For autonomous agents doing real-world tasks — filling forms, navigating internal tools, interacting with SaaS dashboards — the browser with the user's logged-in profiles is arguably the most valuable resource on the machine. Cookies, saved passwords, OAuth tokens, browser extensions, session state across dozens of services — all of it lives in the user's browser profile.
Docker and VM-based sandboxes cut the agent off from this entirely. The agent gets a fresh browser with no sessions, no cookies, no saved credentials. Every service requires re-authentication. Extensions don't exist. The agent is starting from zero in the environment where the user has years of accumulated state.
Anthropic's Computer Use runs agents against a visible desktop — with access to whatever the user has open, including browsers. Daytona's Computer Use sandbox takes a similar approach for Linux/macOS/Windows desktop automation. But these operate outside the sandboxing models discussed above. The agent either gets the user's full desktop (powerful but dangerous) or a fresh container desktop (safe but useless for authenticated workflows).
This is the fundamental tension for autonomous agents. The resources that make agents most useful — authenticated browser sessions, logged-in APIs, the user's actual environment — are exactly the resources that sandboxing is designed to restrict. No current system resolves this cleanly. The closest approximation is scoped OAuth tokens and per-service API keys granted to the agent explicitly, but that requires every service to support programmatic access, which most internal tools don't.
What works best
Cursor's data gives the clearest signal: agents with proper environmental sandboxing stop 40% less often than unsandboxed ones. The intuition is counterintuitive — more isolation produces more autonomy, not less.
The reason: without a sandbox, the system must prompt the user for every potentially dangerous action because there's no safety net. With a sandbox, the system can auto-approve most actions because the blast radius is contained. The sandbox replaces per-command friction with environmental safety.
Claude Code's hook system points at a middle path. PreToolUse hooks
let users write shell scripts that approve or deny tool calls based on
pattern matching — Bash(npm install:*) auto-approves, Bash(rm -rf:*)
always denies. This moves permission decisions from interactive prompts
to declarative policy. The agent doesn't stop to ask; the policy
pre-answers.
The pattern that emerges across all systems: the best permission model is the one where the user configures policy once and then forgets about it. Per-command prompts don't scale. Container-level all-or-nothing doesn't give enough control. Declarative per-capability policies — what commands, what directories, what network endpoints — hit the sweet spot. No system has fully nailed this yet.
Pain points
The restrictive/permissive policy trap
ARMO's research documents a pattern seen across organizations: security teams set overly restrictive sandbox policies. The agent breaks within 48 hours. Teams loosen policies incrementally until they become permissive enough to be meaningless. The result is security theater — a sandbox that exists on paper but blocks nothing in practice.

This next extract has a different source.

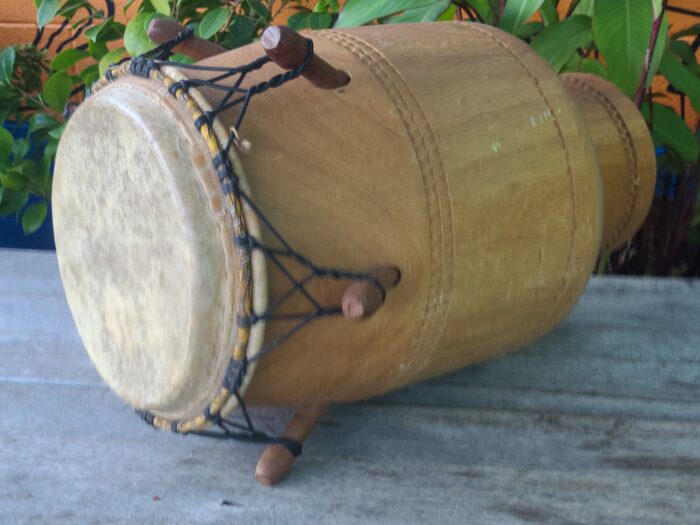 African Drum - Image 2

The fix requires progressive enforcement: start permissive with monitoring, tighten based on observed behavior. But most sandbox systems offer all-or-nothing controls, not gradual ones.

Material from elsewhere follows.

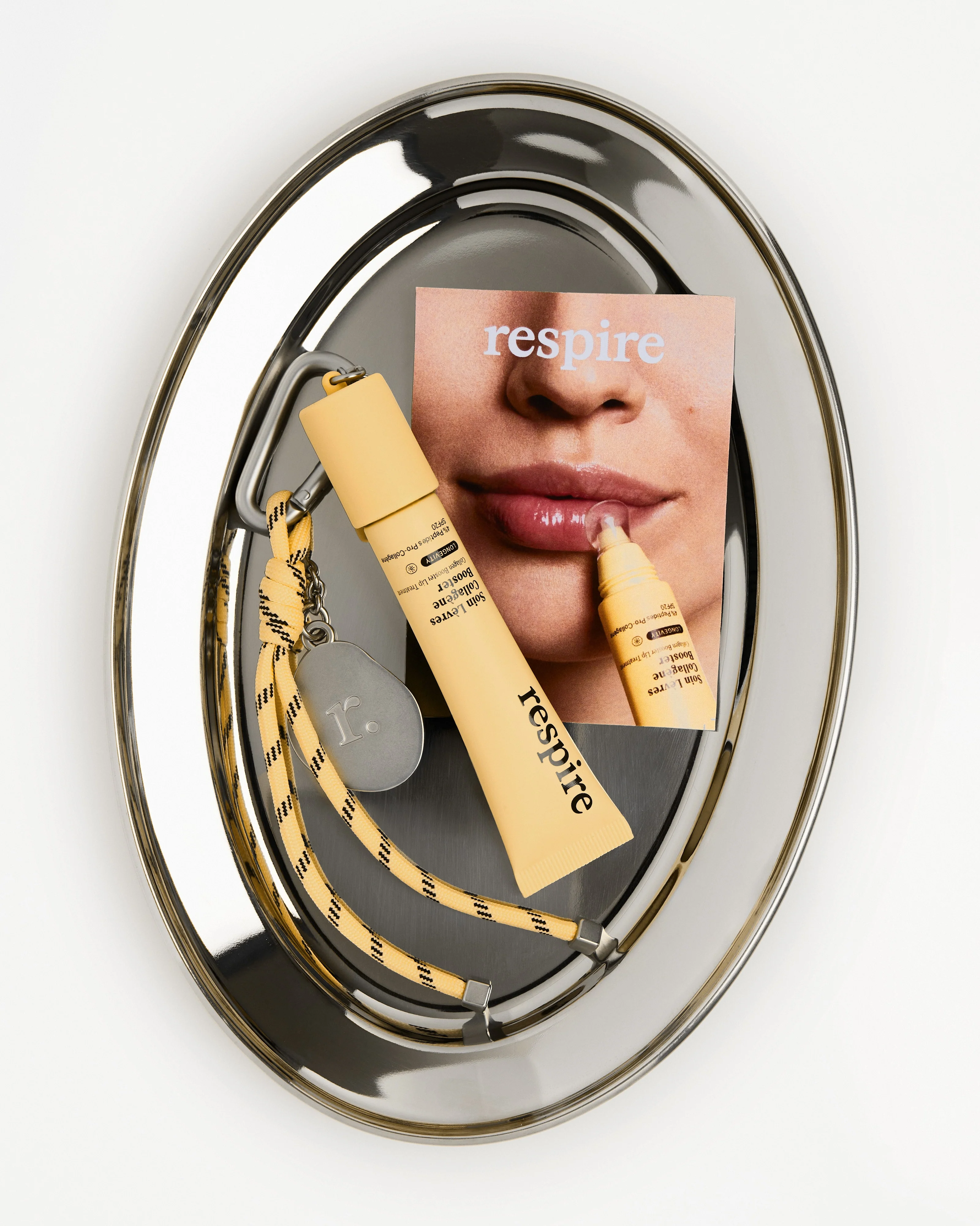 Soin Lèvres Collagène Booster<br>+ 7j/7 Lip Charm - Image 3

Docker cold starts and resource overhead
Docker containers incur 500ms–2s cold starts depending on base image. For coding agents, the situation is worse — cloning a repository and installing packages can add 20–30 seconds before any code executes. At high concurrency (~400 parallel starts), CNI plugin and virtual switch setup inflate boot times by up to 263%.
Teams maintain "warm pools" of pre-booted containers to mitigate this, creating an economic trap: idle containers waste compute, but building a predictive autoscaler is a serious engineering challenge.
Docker socket escape
OpenHands requires /var/run/docker.sock access. This is well-documented
and widely discussed. The socket gives any process with access full control
over the host Docker daemon — start containers, mount host filesystems,
access networks. Container escape equals full host access.
Cross-platform inconsistency
Claude Code, Cursor, and Codex CLI each maintain separate sandbox
implementations for macOS (Seatbelt) and Linux (Landlock/bubblewrap/seccomp).
Windows gets WSL2 at best. Every sandbox has different capabilities,
different edge cases, and different failure modes. Apple marks sandbox-exec
as deprecated — the macOS implementation is load-bearing but architecturally
uncertain.
Symlink escapes and path traversal
CVE-2025-53109 and CVE-2025-53110 in a filesystem MCP server showed that path prefix matching — the most common way sandboxes restrict filesystem access — can be bypassed through symlinks. An agent creates a symlink inside the allowed directory pointing outside it, and the sandbox's path check passes while the actual access goes elsewhere. This is a class of vulnerability, not a single bug.
Constant permission prompts vs autonomy
Agents that sandbox at the process level but need host access for installing packages, running tests, or accessing databases face a dilemma: prompt the user for every action (destroying flow) or run without restriction (destroying safety). Cursor's data — 40% fewer stops with proper sandboxing — shows that environmental sandboxing (the agent runs inside the sandbox, so package installs and test runs don't need approval) is better than per-action approval.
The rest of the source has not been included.